Developer: GAMELOFT
Price: $4.99
Version Reviewed: 1.0.0
Device Reviewed On: iPad

Graphics / Sound Rating: ★★★★☆
Game Controls Rating: ★★☆☆☆
Gameplay Rating: ★★☆☆☆
Replay Value Rating: ★★½☆☆

Overall Rating: ★★½☆☆

Gameloft’s Real Tennis HD for the iPad proves the adage that good looks aren’t enough to make a game a satisfying experience. Presenting itself as an arcade style tennis game, Real Tennis HD looks and sounds great and has plenty of options and game modes, but fails miserably when it comes to gameplay.

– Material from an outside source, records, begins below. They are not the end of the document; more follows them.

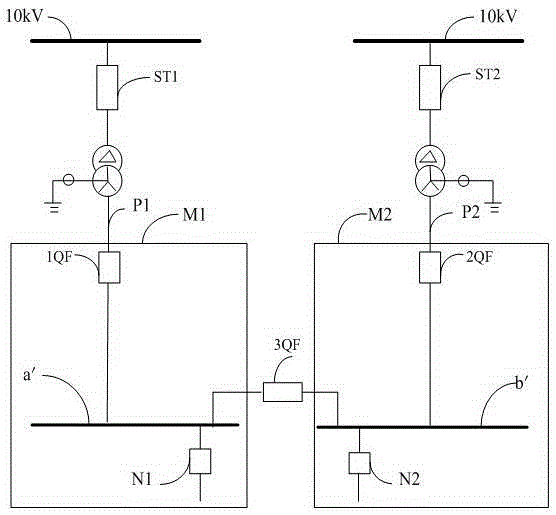 A device and method for automatic switch-on emergency of substation power consumption system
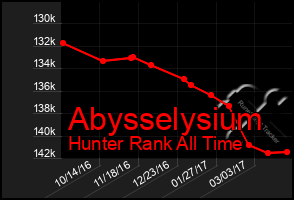 Total Graph of Abysselysium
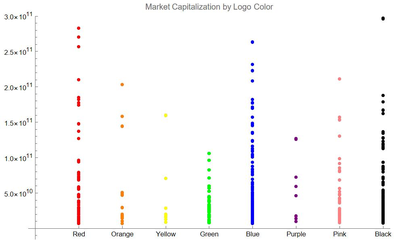 Impact of Logo Colors and Industry Sector on Company Market Capitalization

If you’ve ever played a tennis game on a console system (other than the unique experience of the Wii, of course), you’ll see many familiar elements in Real Tennis HD. The game looks similar to Sega’s Virtua Tennis or Microsoft’s Top Spin, though not nearly as refined or polished. All of the modes are nearly identical to its console kin: exhibition, instant play, championship, tournament and even online multiplayer. From a features standpoint, there’s no arguing that Real Tennis is competitive with much more expensive games.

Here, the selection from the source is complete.